Diana Montalion (Mentrix Group)
1:15pm–2:05pm Wednesday, February 6, 2019
Enterprise architecture
Location: Sutton Center/Sutton South
Secondary topics:  Best Practice, Overview
Average rating: ***..
(3.14, 7 ratings)

Who is this presentation for?

  • Engineers, solution architects, business analysts, and tech leads

Level

Intermediate

Prerequisite knowledge

  • Familiarity with CMSs and content system delivery

What you'll learn

  • Explore tools for integrating content system processes, components, strategies, and people by triggering the right discussion at the right time
  • Learn how to maintain control through integration and influence rather than strictly management and evolve monolithic applications and team silos into relational content systems

Description

Ten years ago, content “systems” were primarily content management applications and their kin; wikis, commerce sites, closed-box print applications, etc. Architecture was software solutioning and scaling the infrastructure to handle more traffic. DevOps meant “add Jenkins". Eight months of development work generally required a week or two of architectural deliverables, even when third-party services were involved.

Last year, as content systems architect for The Economist, Diana Montalion and her colleagues invested six months articulating the capabilities of the current system and crafting technology recommendations across the multiple engineering and architectural teams. Then they spent another six months designing the high-level target architecture. This work began after they’d delivered a major decoupling effort, so they weren’t starting from scratch.

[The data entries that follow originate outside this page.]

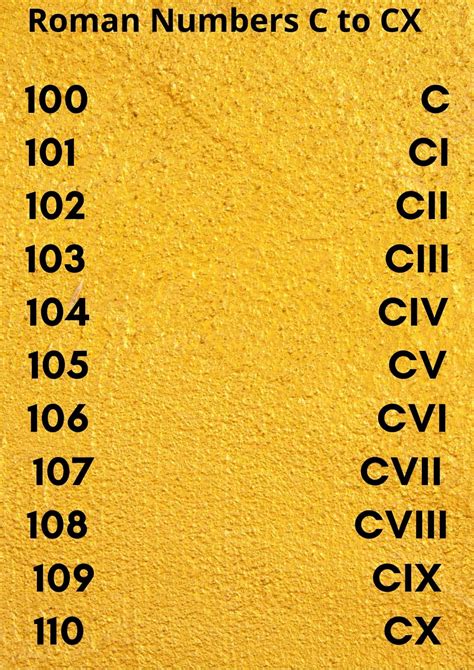 Free Printable Roman Numerals To 200 Chart PDF, 52% OFF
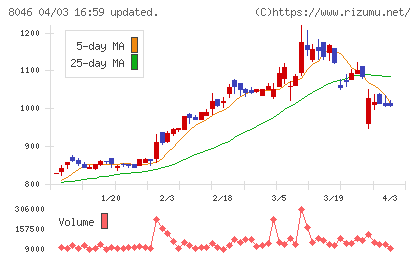 丸藤シートパイルチャート
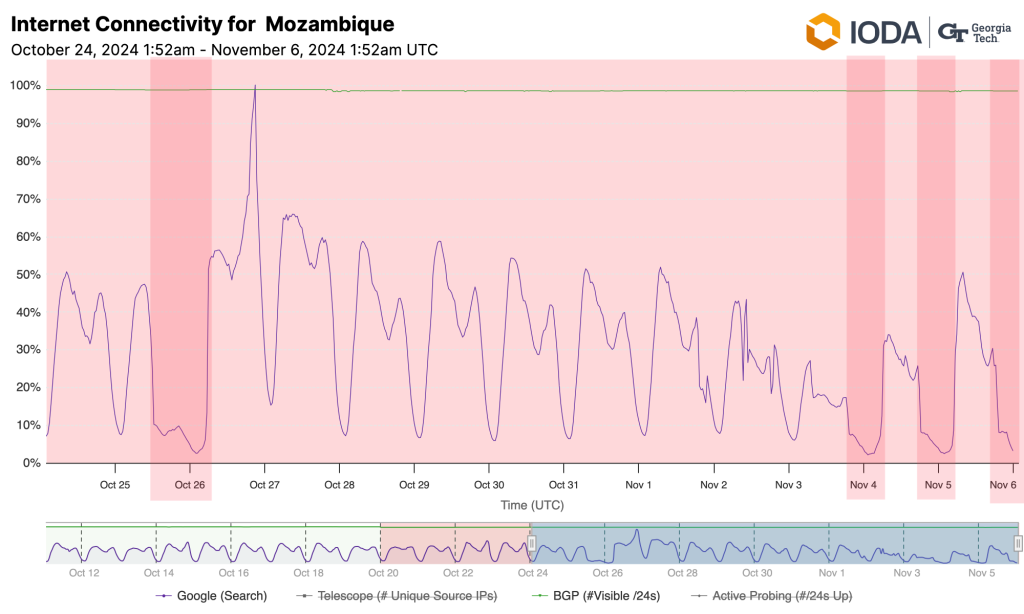 Chart from IODA that shows several  drops in connectivity to Google search in Mozambique since 26 October.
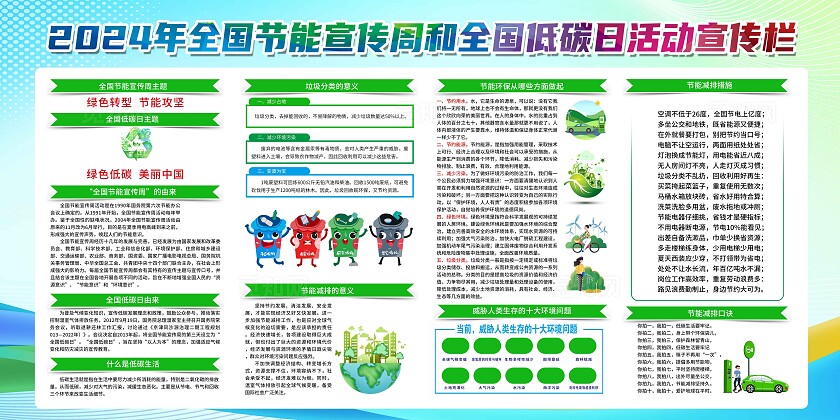 绿色简约绿色转型节能攻坚2024全国节能宣传周展板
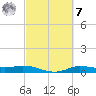Jamaica Beach tide chart for Tuesday, March 7, 2023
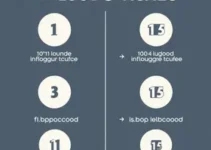 cartões de crédito para acesso a salas VIP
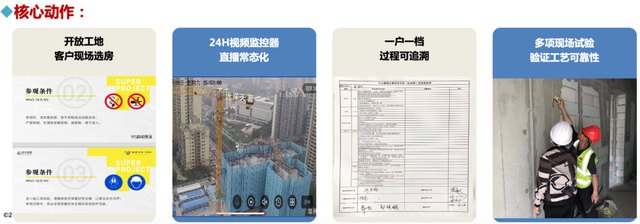 一户一档、透明工场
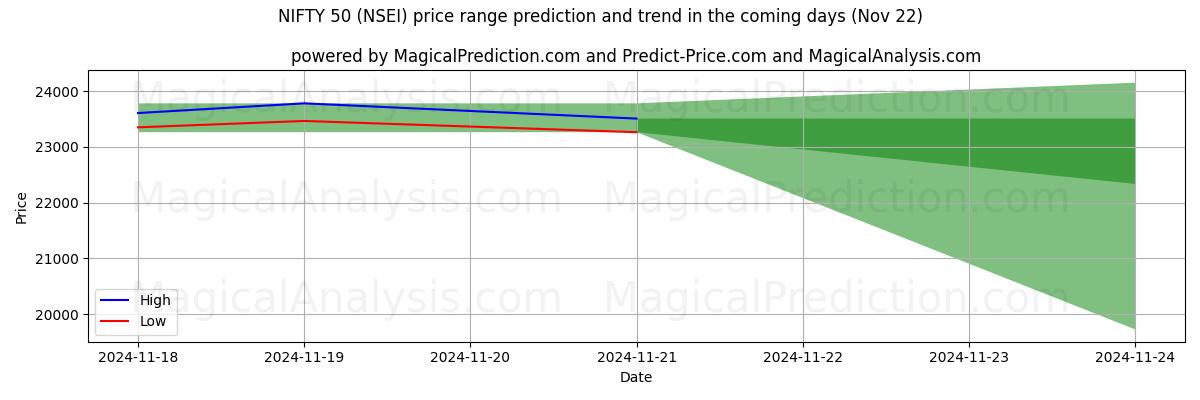 High and low price prediction by AI for NIFTY 50 (NSEI) (22 Nov)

What changed between then and now? The difference between legacy and modern content systems is as conceptual as it is technical. Architecture, and the role of architect, isn’t simply AWS certification. The work requires an evolution from strategic planning to collaborative strategic thinking and everyone seeing the parts through the lens of the whole. It also means defining the technological relationships within an ecosystem, with both strict boundaries and valuable flexibility, while still delivering the work on time. Delivering requires the organization to mirror the desired qualities of the system (a.k.a. the hard part).

Diana explores "archistructure"—crafting a project’s architectural portfolio that triggers “just enough” of the right discussions at the right time. You’ll learn about flexible and adaptive tools drawn from EA frameworks, UX approaches, Lean and Agile, with an emphasis on process modeling. How do you map the capabilities (rather than the features) of a system, and why is that important to do? How do you engage engineers, subject-matter experts, and stakeholders in this process until it becomes organic? The goal is to replace management with trusting relationships, inside the system and out.

Photo of Diana Montalion

Diana Montalion

Mentrix Group

Diana Montalion is the founder of Mentrix, a consultancy providing enterprise architecture, technology strategy, and web system development. Originally a backend geek, she has played a number of technology leadership roles, including content systems architect at The Economist, primarily focused on integrating the big picture and waking up early in the morning. When not at her computer, she’s outside. This year, she grew vegetables for the first time.